Do e-cigarettes set off smoke detectors? We explain this with an experiment

For a few years now the voice guide announces to passengers that «On board the trains And prohibited make use of cigarettes electronic» because their smoke, “vaping” (which isn't actually smoke, it's aerosols), can activate the system fire prevention. The detectors are a fundamental part of the fire prevention system to which they are connected: in fact, they serve to signal the possible presence of a fire inside the environment in which they are located and to send the signal to the system control unit, all while emitting an acoustic signal.

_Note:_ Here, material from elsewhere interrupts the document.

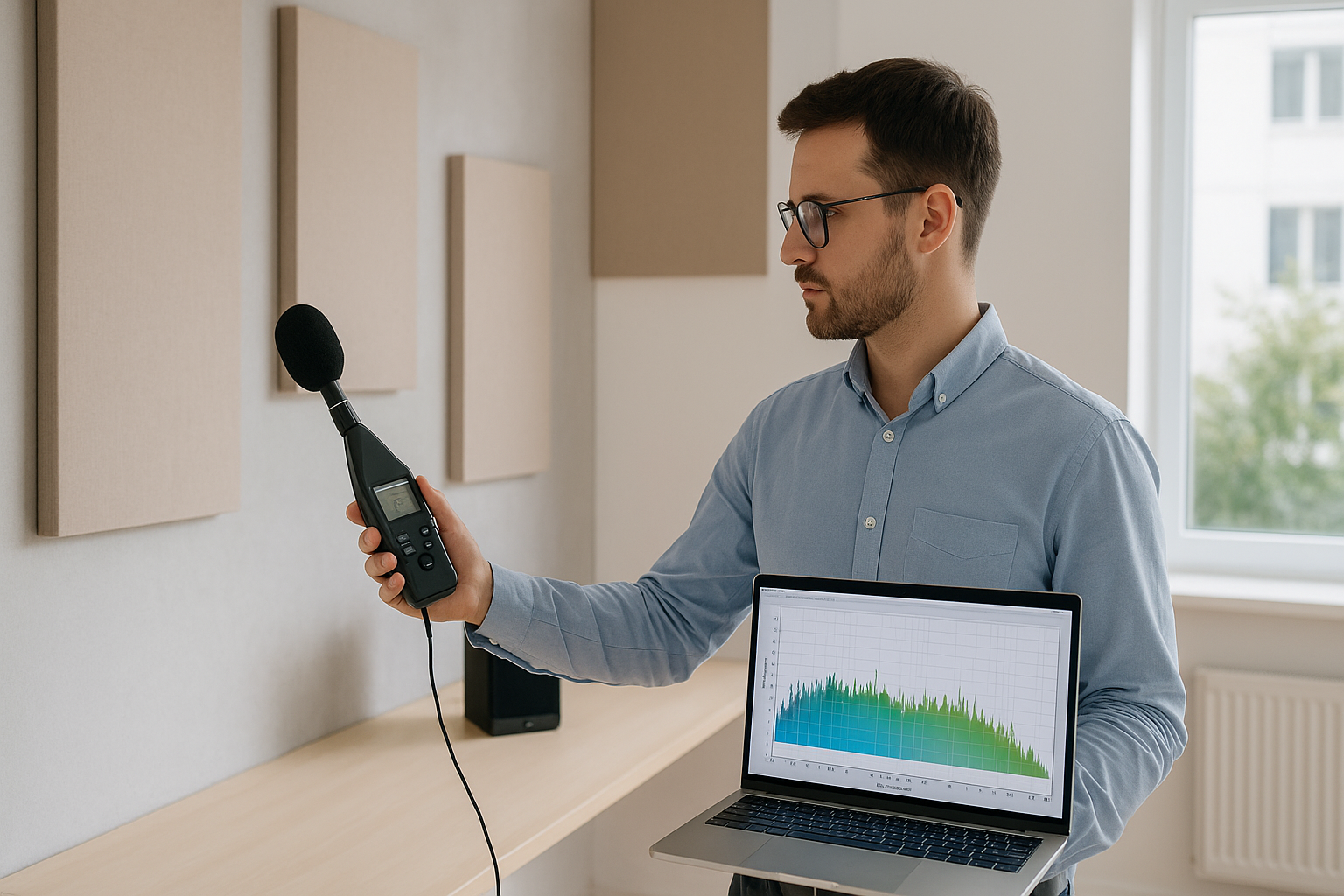 Acoustic specialist measuring indoor noise levels with sound meter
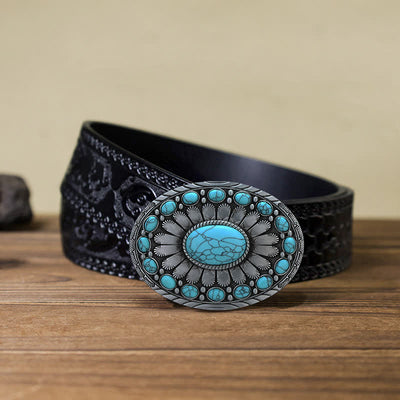 Men's DIY Dazzling Turquoise Buckle Leather Belt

We therefore carried out experiments to discover the effect of the aerosol of an electronic cigarette on different types of smoke detectors: a photoelectric detectora heat detector it's a carbon monoxide detector. E-cigarettes activate detectors of the first type but not the other two. We also took advantage of it to understand how these instruments work from a scientific point of view and discover the physical chemistry behind them.

In the video above we will see:

  • an introduction to detectors;
  • the experiment with the photoelectric detector;
  • the heat detector test;
  • the operation of the CO detector;
  • final comparison and conclusions.

The effect of e-cigarette aerosol on a photoelectric detector: how it triggers

The photoelectric detector, essentially, uses a laser to detect the presence of aerosol like smoke. It has three main components: one rooma laser it's a optical sensor. The laser aims directly at the optical sensor; if the chamber is empty – or rather, contains only air – the laser passes undisturbed through the chamber and the light beam will always reach the sensor with a certain intensity. However, this device is very sensitive to particles suspended in the air, so when smoke or an aerosol enters the device, the sensor perceives the laser at a lower intensity, because the smoke particles scatter the light from the laser.

This phenomenon is called Tyndall effect and it is the same phenomenon that happens for example in discos or on concert stages: the machines “shoot” white smoke (even in this case they should actually be called aerosol machines, not “smoke machines” as they are commonly known), which disperses the light of the stage lasers making them visible. So yes, this type of detector will be activated with any type of cigarette, and is effective both in the presence of smoke (aerosol solidformed by solid particles dispersed in the air) that of I vape (aerosol liquidformed by liquid particles dispersed in the air).

These detectors are those that are most frequently used in public fire systems, such as on trains, in stations, in shopping centres, but also in domestic ones, often coupled with other types of detectors, such as heat detectors.

The effect of e-cigarette aerosol on a heat detector: when it goes off

This type of detector is not used alone, because it would not be sufficient to enable timely intervention in the event of a fire, because it is alarmed only if the environment reaches a certain temperature which varies depending on the appliance. In our case it is 57°Cand we tested it by heating water until it generated steam at a slightly higher temperature.


Therefore the heat detector could be activated even without the presence of an actual fire, especially in environments where there may already be high temperatures, for example an engine room, a server room or more commonly in a kitchen. So, although this type of detector will certainly never be alarmed by the aerosol of an electronic cigarette or the smoke of a traditional cigarette, if there is a heat detector, there is probably also one nearby for detecting smoke ( such as, precisely, the photoelectric) or for the carbon monoxide.

The effect of e-cigarette aerosol on a carbon monoxide detector

This instrument detects a substance, the carbon monoxide (CO), which develops during fires and is therefore only present in the smoke resulting from a combustion. Monitoring the concentration of carbon monoxide could be useful if you have a chimney or one heater, this is because, if they are not used correctly, they could develop carbon monoxide. And carbon monoxide is toxic at high concentrations: for example, two hours of exposure to an environment with a concentration of carbon monoxide above 1600 ppm (parts per million) could lead to death. This is because carbon monoxide easily binds tohemoglobin, which would therefore no longer be able to transport oxygen. This type of detector is essential in environments with stoves or fireplaces, since CO is odorless and colorless but highly toxic.

But, returning to our experiment: is the carbon monoxide detector activated by the electronic cigarette? What about heated tobacco cigarettes? The answer is no, as neither in the electronic cigarette nor in the heated tobacco cigarettes does combustion take place, consequently in neither of the two aerosols produced following a “vape” is carbon monoxide present.

Traditional cigarettes are an exception: we can imagine lighting a cigarette as starting a small fire, it will therefore be easy to remember that a combustion reaction occurs and, therefore, of the presence of carbon monoxide in cigarette smoke.